* **AIM OF THE EXERCISE**:
After locating the line with "A spacious living" in the entries below, set down exactly that line and each one after it to the end, skipping pictures.

(RECORDS FOR THIS EXERCISE begins)

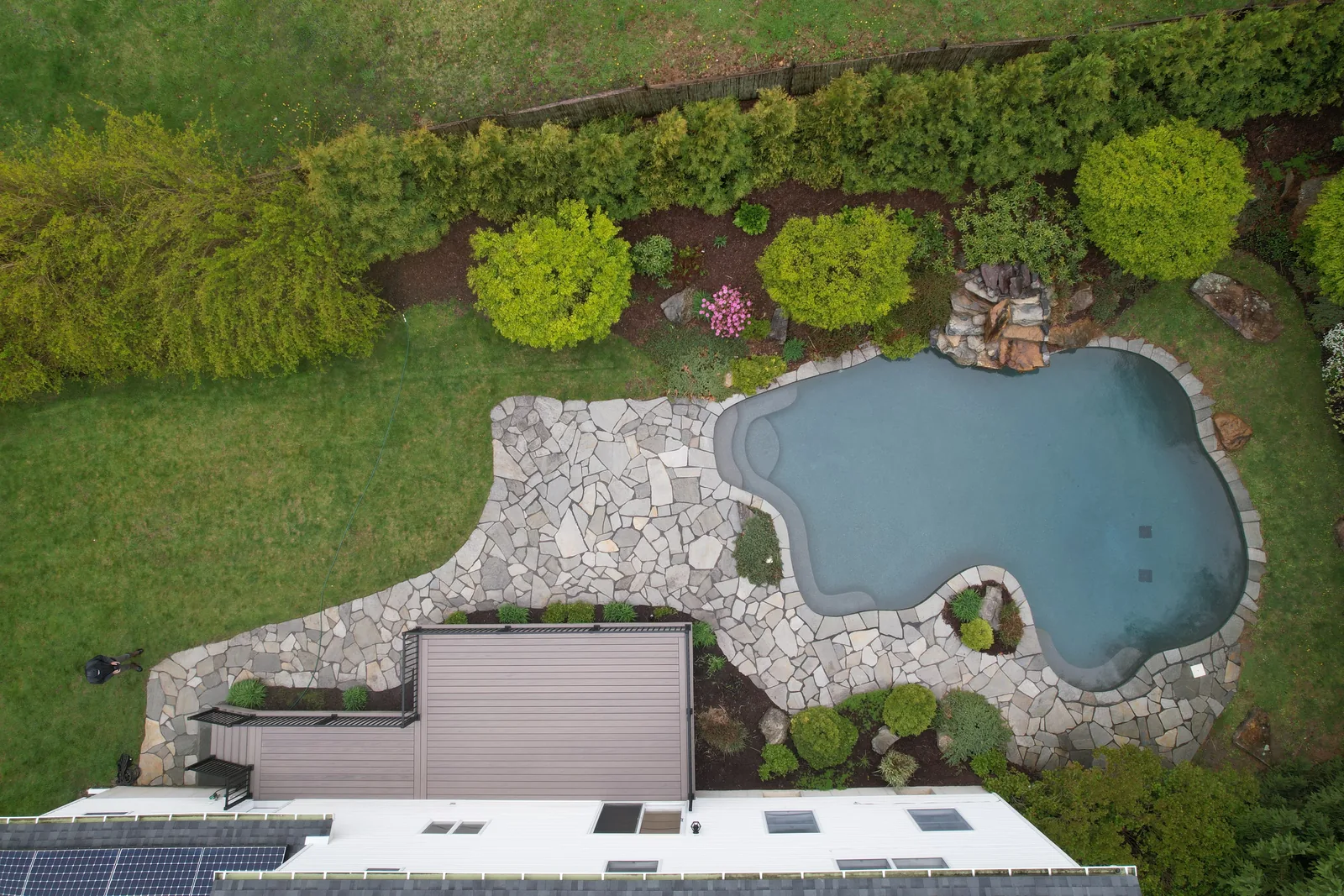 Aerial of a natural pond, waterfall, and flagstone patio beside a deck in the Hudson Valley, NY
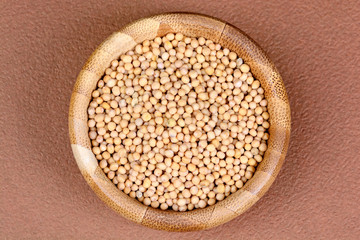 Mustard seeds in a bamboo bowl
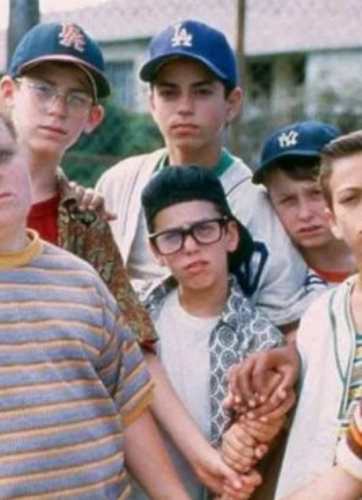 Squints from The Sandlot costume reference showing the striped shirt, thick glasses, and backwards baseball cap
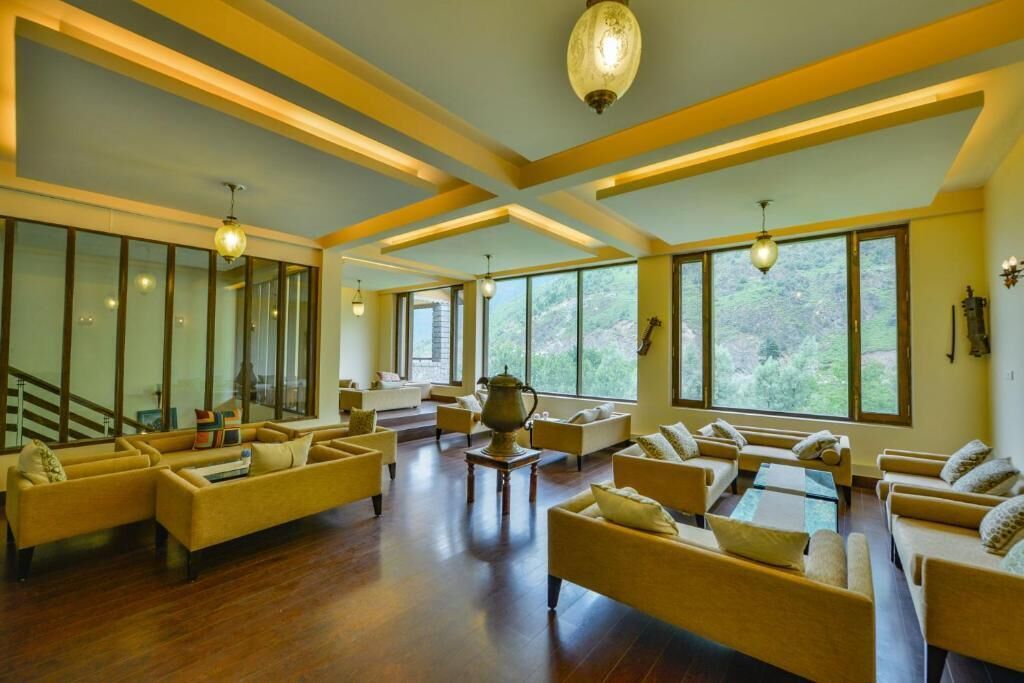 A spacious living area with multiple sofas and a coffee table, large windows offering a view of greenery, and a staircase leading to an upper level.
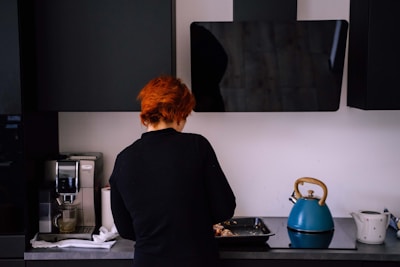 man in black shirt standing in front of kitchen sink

(RECORDS FOR THIS EXERCISE ends)

* **EXERCISE OUTPUT**:
 A spacious living area with multiple sofas and a coffee table, large windows offering a view of greenery, and a staircase leading to an upper level.
 man in black shirt standing in front of kitchen sink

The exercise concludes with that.